> **TASK**
Only an exact copy of the entries, stripped of pictures, will serve as the answer.

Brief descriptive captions
== Segment start ==

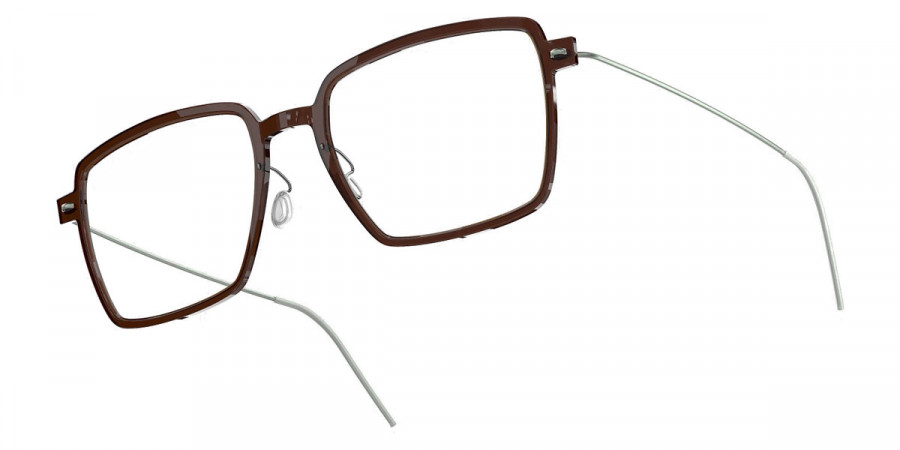 Color: C10 30 - Lindberg N.O.W. Titanium LND6637C103054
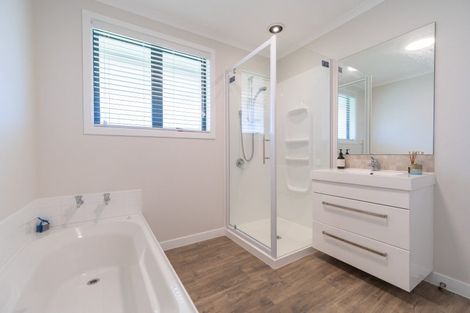 Photo of property in 14 Acheron Way, Te Anau, 9600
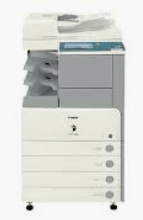Canon iR 3245 Driver Download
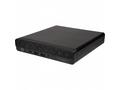 HP PC EliteDesk 8 Mini G1a, Ryzen 5 220, 1x16GB, 5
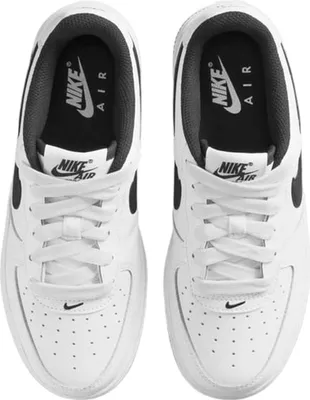 Immagine prodotto di Nike Sneakers HQ1911-100 in WHITE color size 36.5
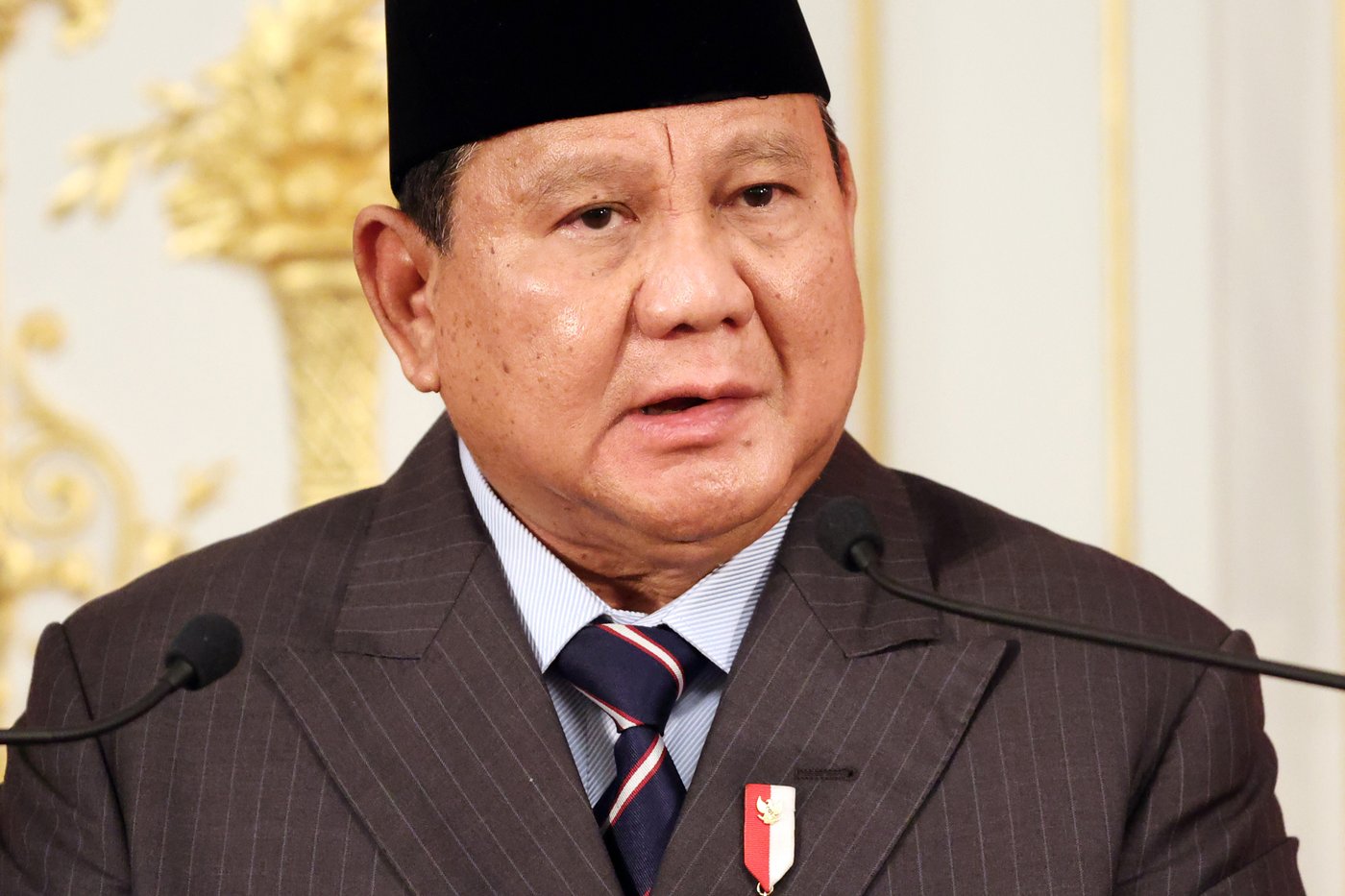 Japan and Indonesia to boost energy security cooperation as concerns grow over Iran war fallout | iNFOnews.ca Japan and Indonesia to boost energy security cooperation as concerns grow over Iran war fallout | iNFOnews.ca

== Segment end ==

> **RESULT**
 Color: C10 30 - Lindberg N.O.W. Titanium LND6637C103054
 Photo of property in 14 Acheron Way, Te Anau, 9600
Canon iR 3245 Driver Download
 HP PC EliteDesk 8 Mini G1a, Ryzen 5 220, 1x16GB, 5
 Immagine prodotto di Nike Sneakers HQ1911-100 in WHITE color size 36.5
 Japan and Indonesia to boost energy security cooperation as concerns grow over Iran war fallout | iNFOnews.ca Japan and Indonesia to boost energy security cooperation as concerns grow over Iran war fallout | iNFOnews.ca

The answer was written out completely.